We have long-term population decline in Scotland. When I started to engage in this debate in the early 2000s, there was a real fear that, for the first time since the 19th century, Scotland’s population would drop below the iconic 5 million mark. That was only reversed because of the imagination of the previous Labour Government and their generosity when it came to immigration policy—something that the current Government would never even think about. The vision of Tony Blair about how Europe would work and how the single market would develop helped Scotland to address some of the issues.

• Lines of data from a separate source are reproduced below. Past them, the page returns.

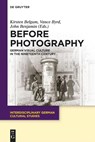 Before Photography - Kirsten Belgum ; Vance Byrd ; John D. Benjamin - 9783111104584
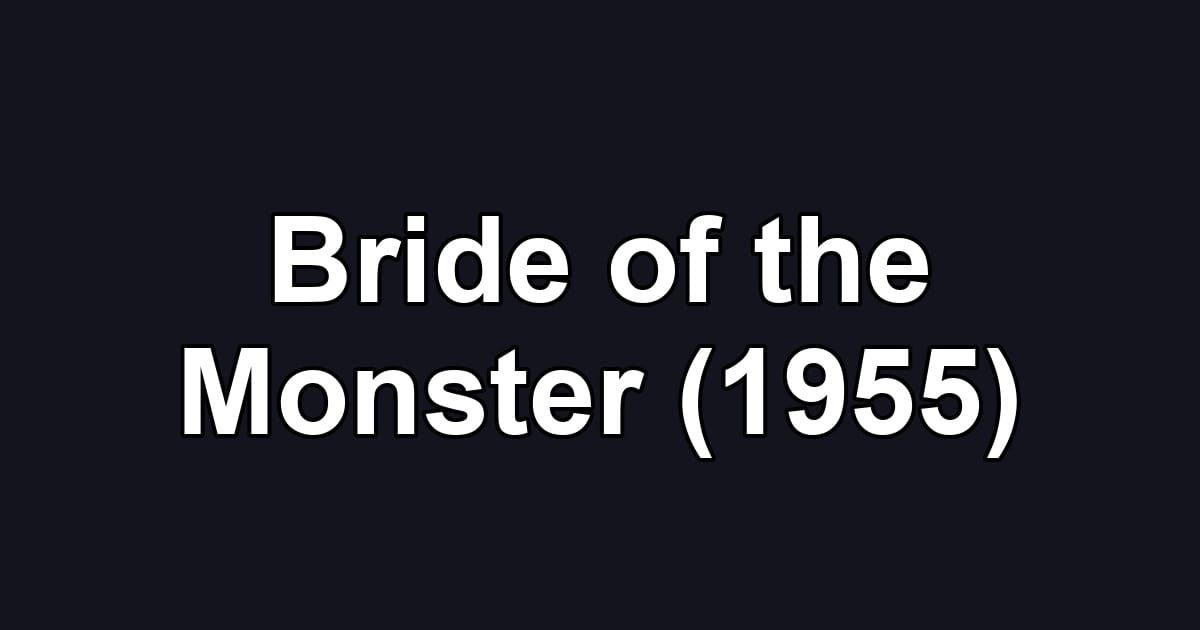 Bride of the Monster (1955)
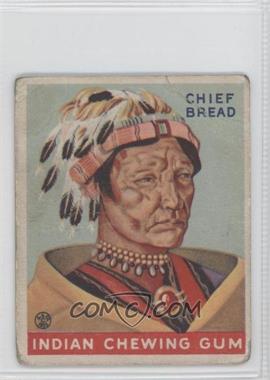 1933 Goudey Indian Gum - R73 - Series of 48 #160 - Chief Bread [Poor to Fair]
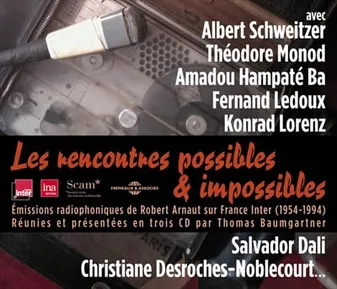 LES RENCONTRES POSSIBLES ET IMPOSSIBLES DE ROBERT ARNAUT SUR FRANCE INTER AVEC THEODORE MONOD ALBERT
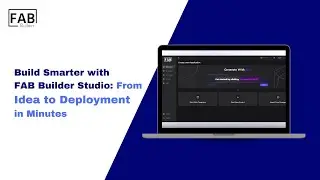 Build Smarter with FAB Builder Studio: From Idea to Deployment in Minutes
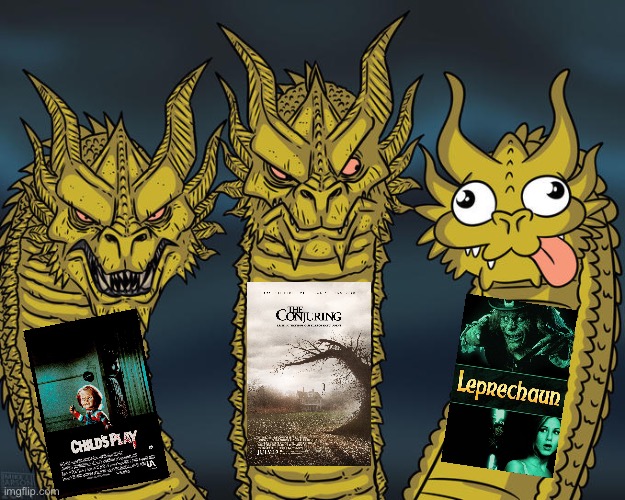Horror Movies Be Like.. | Spooky Memes #03 | image tagged in three-headed dragon | made w/ Imgflip meme maker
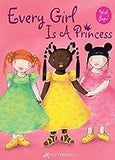 Every Girl is a Princess (Princess Arabella - Hardcover)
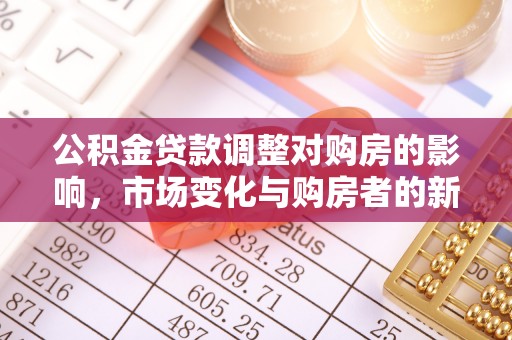 寮步公积金贷款调整对购房的影响，市场变化与购房者的新选择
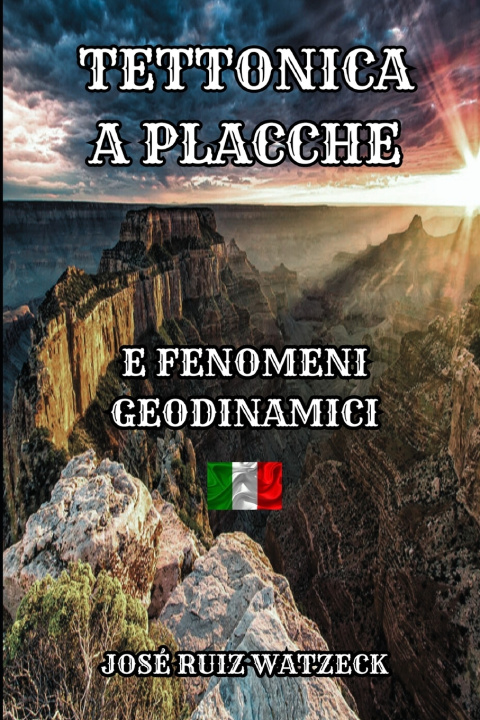 Knjiga Tettonica a Placche José Ruiz Watzeck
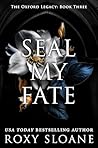 Seal My Fate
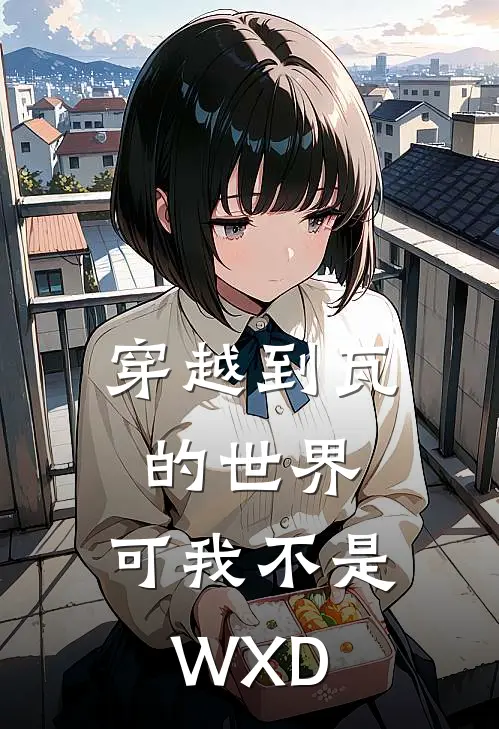 穿越到瓦的世界，可我不是WXD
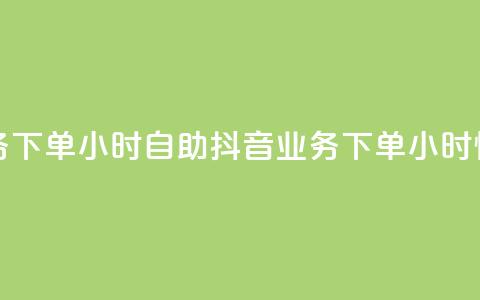 抖音业务下单24小时自助(抖音业务下单24小时快速服务)  第1张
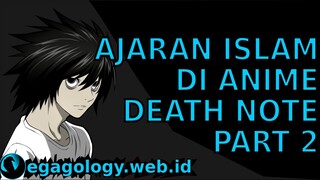 Ajaran Islam di anime Death Note part 2 | filsafat anime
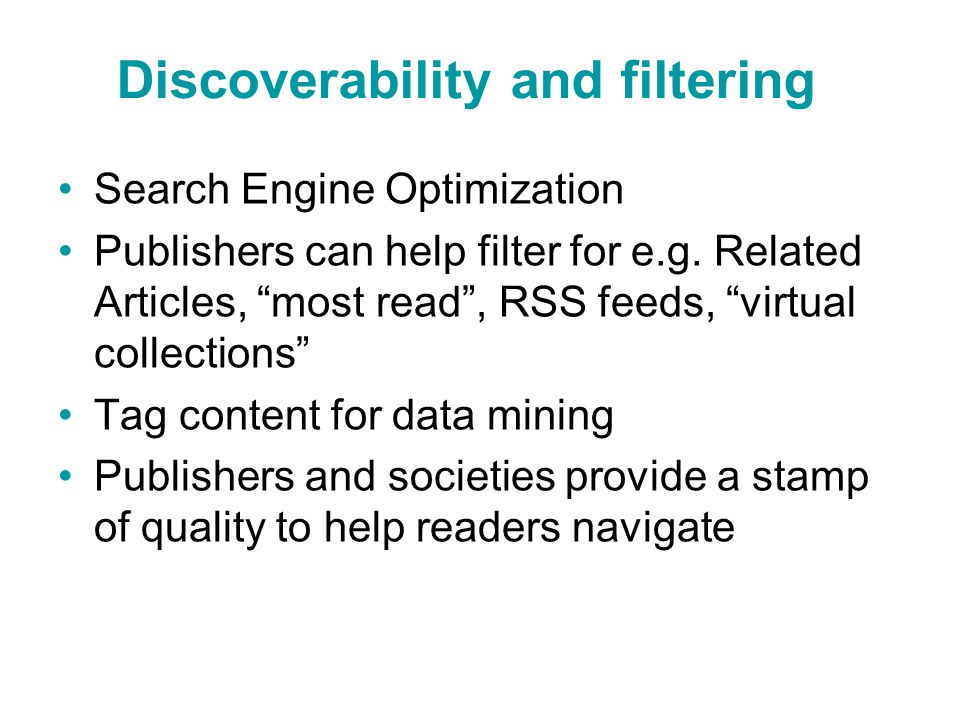 Discoverability and filtering Search Engine Optimization Publishers can help filter for e.g.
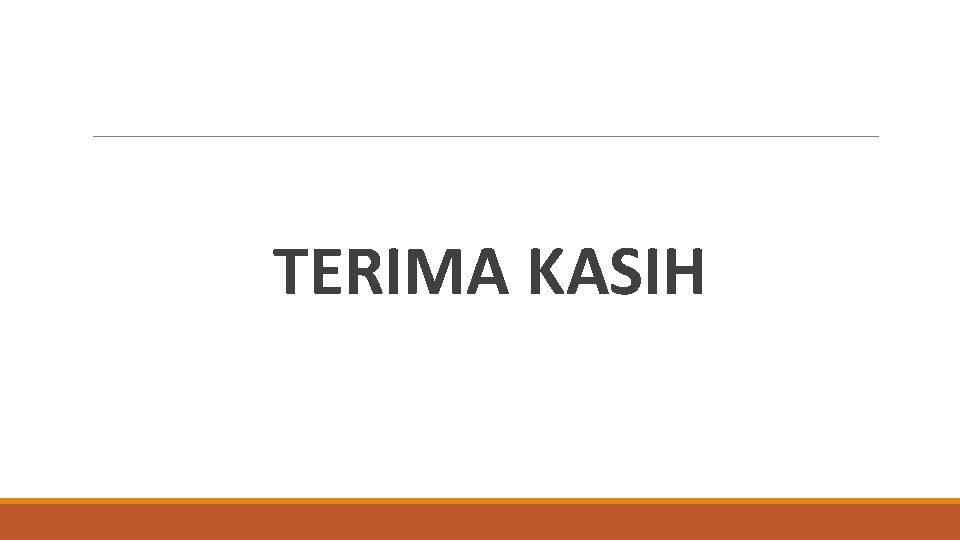 TERIMA KASIH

Kirsty Blackman Portrait Kirsty Blackman
- Hansard - - - Excerpts

Around the turn of the millennium, I remember hearing Lord Jack McConnell, the First Minister of Scotland at the time, talking about that iconic 5 million mark. I was only 13 or 14, but I remember it being so important, and it was so important to Labour that immigration happened in order to keep that population. Why does he think Labour has changed its position so drastically in a relatively short space of time? Why is immigration now apparently bad?

Pete Wishart Portrait Pete Wishart
- Hansard - -

That is such a profound question. I do not know how Labour has got itself into this situation. I suspect it is some sort of fear of Reform, whose Members are not here today, and Labour is probably right to be frightened. I think I saw an opinion poll showing that Labour is now behind Reform across the United Kingdom. Labour Members think—and this will only exacerbate the problem—that if they somehow pander to Reform’s agenda, that will help them beat it. Nothing could delight Reform more than going on to its agenda. That is why we in Scotland take Reform on and tackle it.

I was so pleased and impressed that the First Minister of Scotland this week got together a summit to take on these very challenges, and I was delighted that the Scottish Labour leader attended that summit and took it seriously, because this is the sort of thing we have to do when there is a challenge from the right. We do not go on to their agenda—that is what they want. We take on their assumptions, we take them on politically, and we beat them.

That is why the SNP has not been so impacted by the rise of Reform in the United Kingdom: because we take it on. Labour is starting to experience difficulties at the hands of Reform because it is looking to pander to Reform’s agenda and move on to some of the uncomfortable territory. We take Reform on; we do not pander to it. That is the lesson of history.